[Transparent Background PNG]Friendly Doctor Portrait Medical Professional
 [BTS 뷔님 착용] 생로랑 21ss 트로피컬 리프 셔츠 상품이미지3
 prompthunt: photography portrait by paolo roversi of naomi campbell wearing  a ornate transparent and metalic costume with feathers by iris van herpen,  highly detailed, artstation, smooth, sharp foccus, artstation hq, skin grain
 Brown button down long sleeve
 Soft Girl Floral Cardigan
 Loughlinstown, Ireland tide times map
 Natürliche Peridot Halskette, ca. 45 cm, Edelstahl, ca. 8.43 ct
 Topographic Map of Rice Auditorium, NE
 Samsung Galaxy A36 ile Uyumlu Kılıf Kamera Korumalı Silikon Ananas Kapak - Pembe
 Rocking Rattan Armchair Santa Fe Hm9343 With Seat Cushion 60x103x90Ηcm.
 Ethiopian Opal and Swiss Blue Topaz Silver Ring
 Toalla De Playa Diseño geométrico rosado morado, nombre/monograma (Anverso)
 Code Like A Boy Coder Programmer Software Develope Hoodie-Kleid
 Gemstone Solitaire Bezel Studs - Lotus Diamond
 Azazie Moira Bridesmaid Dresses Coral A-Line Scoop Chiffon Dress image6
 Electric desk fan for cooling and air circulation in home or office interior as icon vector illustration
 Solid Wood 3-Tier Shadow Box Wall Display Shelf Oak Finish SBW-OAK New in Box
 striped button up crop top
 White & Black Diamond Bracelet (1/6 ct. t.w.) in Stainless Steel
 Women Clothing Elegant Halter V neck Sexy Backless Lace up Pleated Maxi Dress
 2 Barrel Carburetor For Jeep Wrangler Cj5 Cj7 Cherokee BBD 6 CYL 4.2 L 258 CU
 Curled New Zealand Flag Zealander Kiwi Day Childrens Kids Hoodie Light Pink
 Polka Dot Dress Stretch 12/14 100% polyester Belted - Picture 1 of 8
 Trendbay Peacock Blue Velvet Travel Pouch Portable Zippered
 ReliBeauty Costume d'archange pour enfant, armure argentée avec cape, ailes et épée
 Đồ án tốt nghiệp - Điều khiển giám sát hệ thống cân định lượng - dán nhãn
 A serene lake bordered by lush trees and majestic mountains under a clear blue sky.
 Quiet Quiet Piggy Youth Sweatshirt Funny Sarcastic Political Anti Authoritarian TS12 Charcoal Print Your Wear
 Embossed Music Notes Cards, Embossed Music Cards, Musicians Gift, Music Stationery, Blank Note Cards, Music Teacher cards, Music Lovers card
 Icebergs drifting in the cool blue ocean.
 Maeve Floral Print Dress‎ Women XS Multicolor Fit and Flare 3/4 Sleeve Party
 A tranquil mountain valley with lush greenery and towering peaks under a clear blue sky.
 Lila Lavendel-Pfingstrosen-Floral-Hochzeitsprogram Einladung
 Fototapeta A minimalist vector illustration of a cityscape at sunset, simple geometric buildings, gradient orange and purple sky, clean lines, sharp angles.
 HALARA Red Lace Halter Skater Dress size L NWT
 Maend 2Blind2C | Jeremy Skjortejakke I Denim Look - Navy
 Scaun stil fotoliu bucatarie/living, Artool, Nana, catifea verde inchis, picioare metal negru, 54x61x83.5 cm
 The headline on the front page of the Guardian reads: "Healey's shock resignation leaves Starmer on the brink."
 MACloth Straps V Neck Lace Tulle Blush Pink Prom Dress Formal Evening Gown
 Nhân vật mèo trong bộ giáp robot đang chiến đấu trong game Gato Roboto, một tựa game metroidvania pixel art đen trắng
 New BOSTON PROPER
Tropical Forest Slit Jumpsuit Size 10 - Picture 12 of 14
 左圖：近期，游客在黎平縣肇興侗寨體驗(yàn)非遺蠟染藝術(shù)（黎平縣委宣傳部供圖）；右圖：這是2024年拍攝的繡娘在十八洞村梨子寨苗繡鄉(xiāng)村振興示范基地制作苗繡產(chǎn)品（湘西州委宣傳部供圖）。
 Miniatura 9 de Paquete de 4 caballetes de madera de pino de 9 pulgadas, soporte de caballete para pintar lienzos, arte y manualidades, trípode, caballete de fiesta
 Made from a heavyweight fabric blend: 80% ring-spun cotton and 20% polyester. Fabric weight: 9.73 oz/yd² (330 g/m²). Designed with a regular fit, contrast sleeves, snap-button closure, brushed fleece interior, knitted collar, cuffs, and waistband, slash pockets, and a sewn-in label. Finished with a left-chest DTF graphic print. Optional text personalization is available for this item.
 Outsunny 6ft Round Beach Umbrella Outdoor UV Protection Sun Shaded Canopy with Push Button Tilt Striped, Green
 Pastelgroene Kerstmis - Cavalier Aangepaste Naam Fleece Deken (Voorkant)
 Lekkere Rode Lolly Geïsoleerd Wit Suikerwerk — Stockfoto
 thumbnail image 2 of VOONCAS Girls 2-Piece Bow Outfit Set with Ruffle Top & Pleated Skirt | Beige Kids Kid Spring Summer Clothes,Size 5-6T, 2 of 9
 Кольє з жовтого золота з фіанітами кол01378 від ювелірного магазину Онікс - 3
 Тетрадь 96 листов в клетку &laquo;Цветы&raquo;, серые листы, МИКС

PROBLEM TO WORK ON: Among the lines above, please find those with "Diamond" and copy them.

ANSWER TO THIS PROBLEM:
 Gemstone Solitaire Bezel Studs - Lotus Diamond
 White & Black Diamond Bracelet (1/6 ct. t.w.) in Stainless Steel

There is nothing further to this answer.